• _WORK TO COMPLETE_:
Look below for the lines from the one with "Load image into" to the one with "Red Dragon Gerwyn", and copy exactly those lines, both ends included.

• _MATERIAL PROVIDED_:
[Start of Attachment]
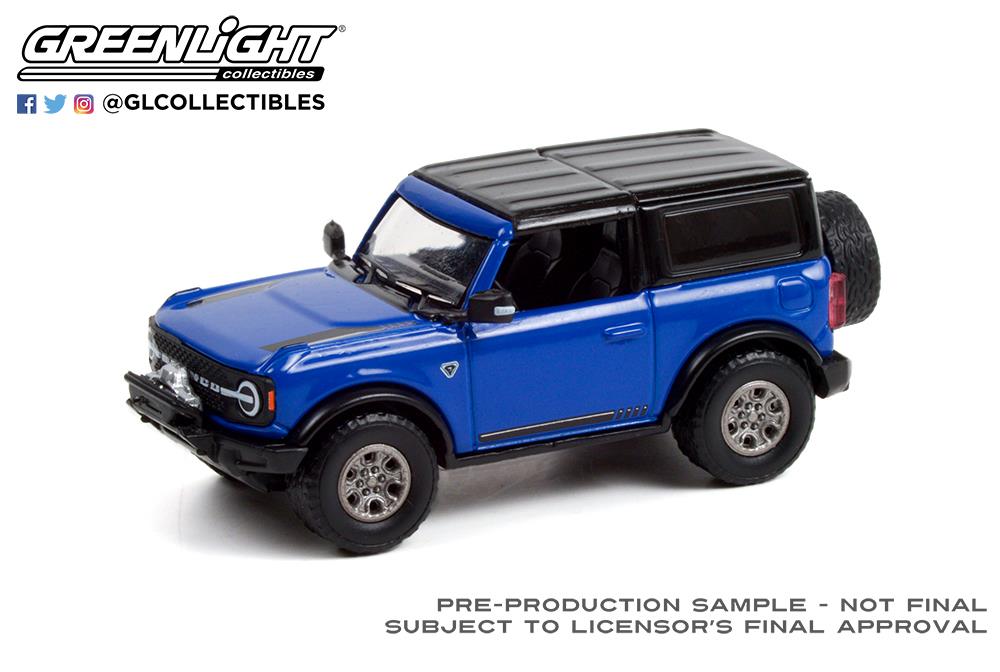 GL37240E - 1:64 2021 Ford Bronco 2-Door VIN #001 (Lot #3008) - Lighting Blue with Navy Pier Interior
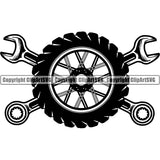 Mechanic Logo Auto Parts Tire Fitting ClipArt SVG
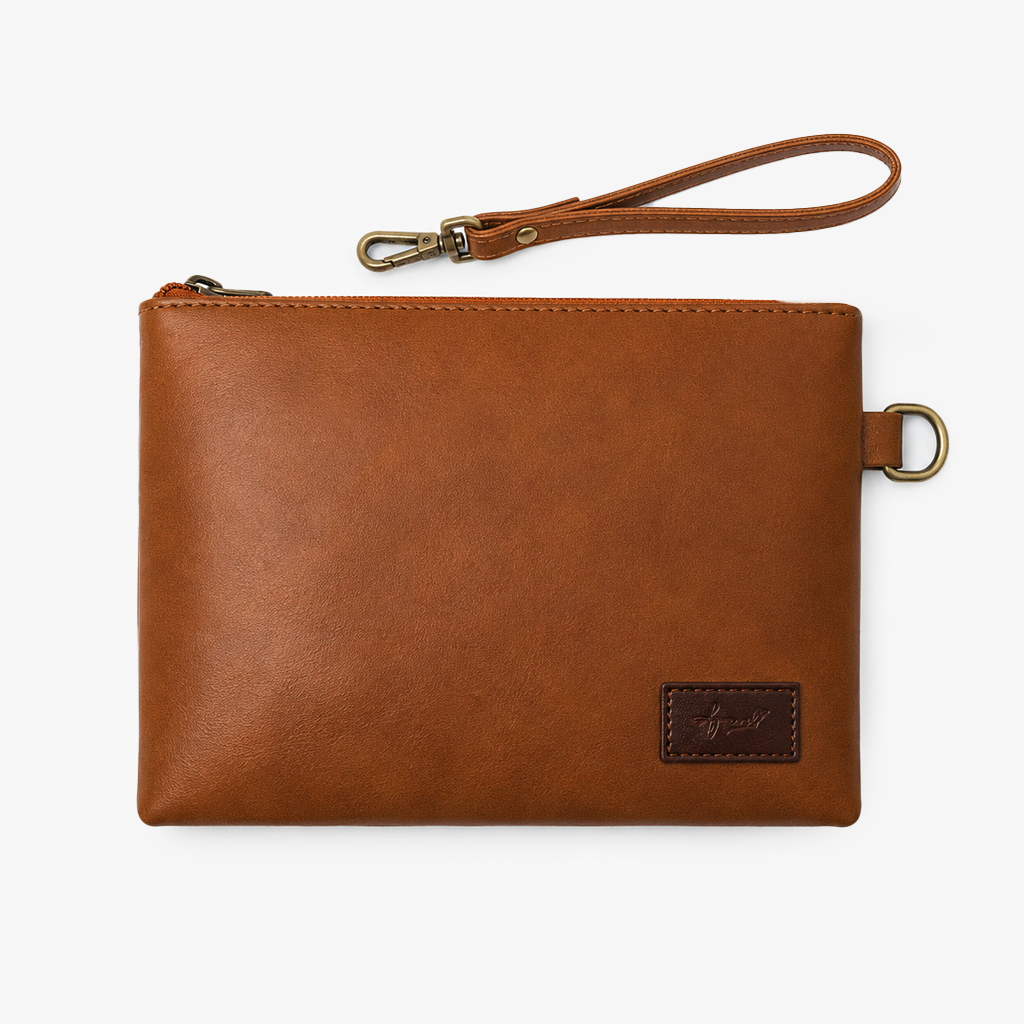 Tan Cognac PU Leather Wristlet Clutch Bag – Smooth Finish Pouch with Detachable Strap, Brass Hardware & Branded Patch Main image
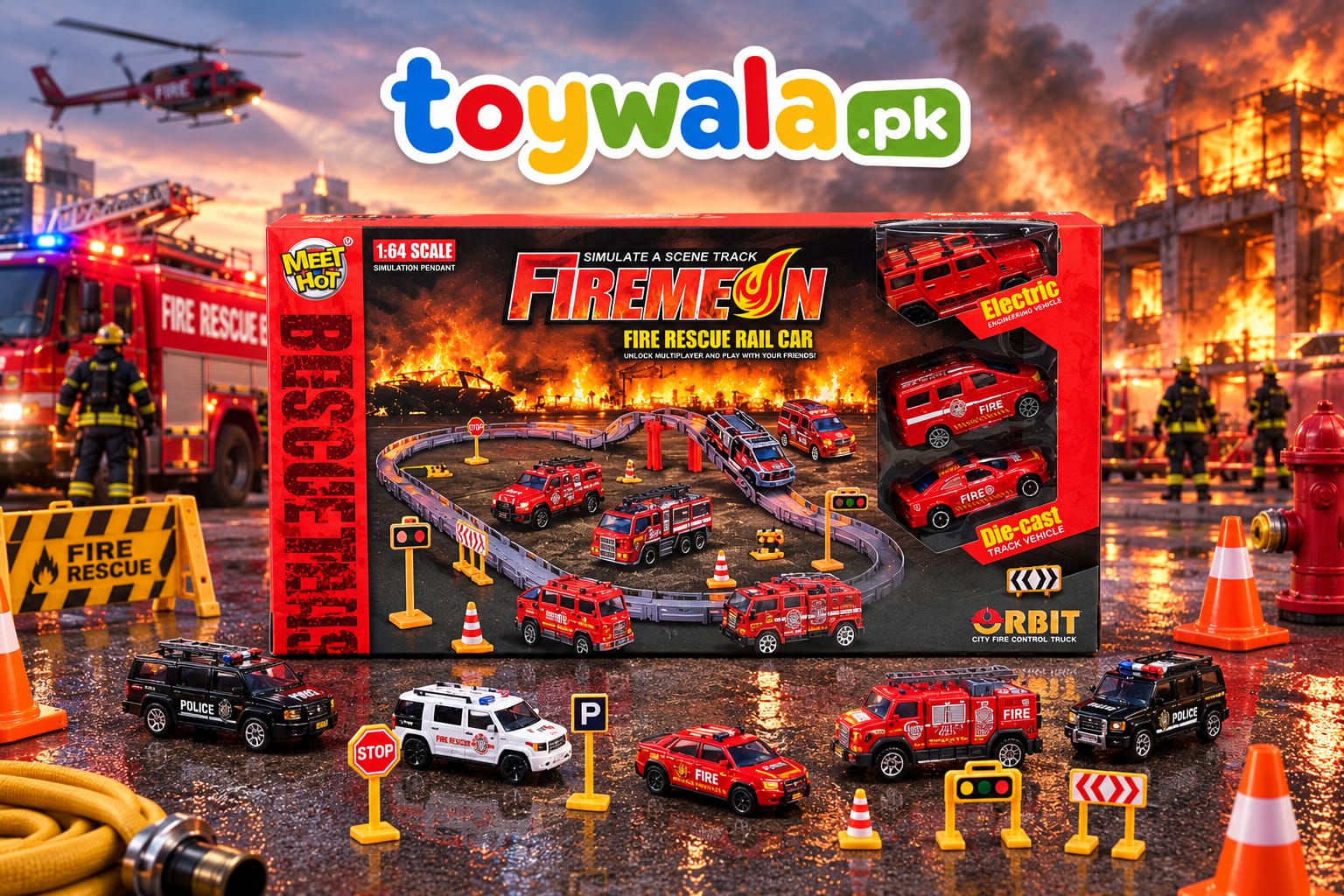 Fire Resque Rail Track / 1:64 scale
[End of Attachment]
[Start of Attachment]
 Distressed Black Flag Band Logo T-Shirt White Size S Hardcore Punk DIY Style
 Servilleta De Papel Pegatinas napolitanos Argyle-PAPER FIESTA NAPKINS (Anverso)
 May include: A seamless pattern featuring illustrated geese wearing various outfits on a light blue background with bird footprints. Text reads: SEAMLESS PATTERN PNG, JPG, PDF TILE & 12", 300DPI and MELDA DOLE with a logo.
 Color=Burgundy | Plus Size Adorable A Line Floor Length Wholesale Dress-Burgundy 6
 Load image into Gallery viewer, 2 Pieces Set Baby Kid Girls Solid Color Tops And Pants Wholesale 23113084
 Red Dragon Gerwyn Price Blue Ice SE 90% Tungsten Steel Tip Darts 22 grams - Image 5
[End of Attachment]
[Start of Attachment]
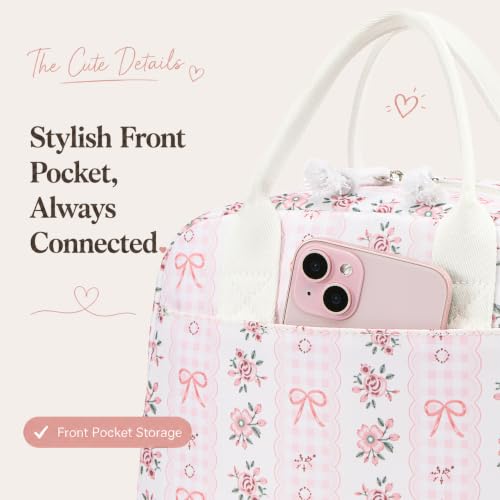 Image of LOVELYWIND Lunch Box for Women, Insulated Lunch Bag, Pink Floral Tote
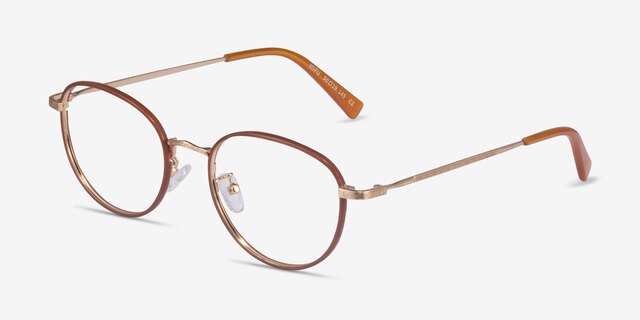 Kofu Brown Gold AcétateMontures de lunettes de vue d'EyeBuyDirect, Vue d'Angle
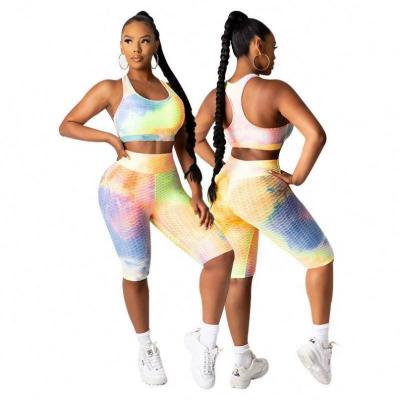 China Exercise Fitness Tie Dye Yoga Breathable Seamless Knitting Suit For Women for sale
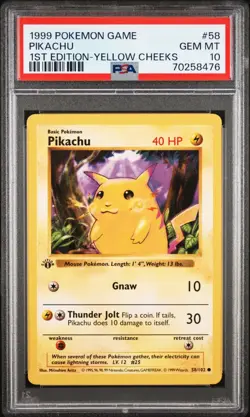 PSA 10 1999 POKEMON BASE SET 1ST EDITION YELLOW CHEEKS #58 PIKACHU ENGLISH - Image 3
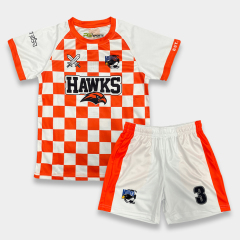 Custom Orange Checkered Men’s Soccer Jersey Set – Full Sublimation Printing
[End of Attachment]
• _EXERCISE SOLUTION_:
 Load image into Gallery viewer, 2 Pieces Set Baby Kid Girls Solid Color Tops And Pants Wholesale 23113084
 Red Dragon Gerwyn Price Blue Ice SE 90% Tungsten Steel Tip Darts 22 grams - Image 5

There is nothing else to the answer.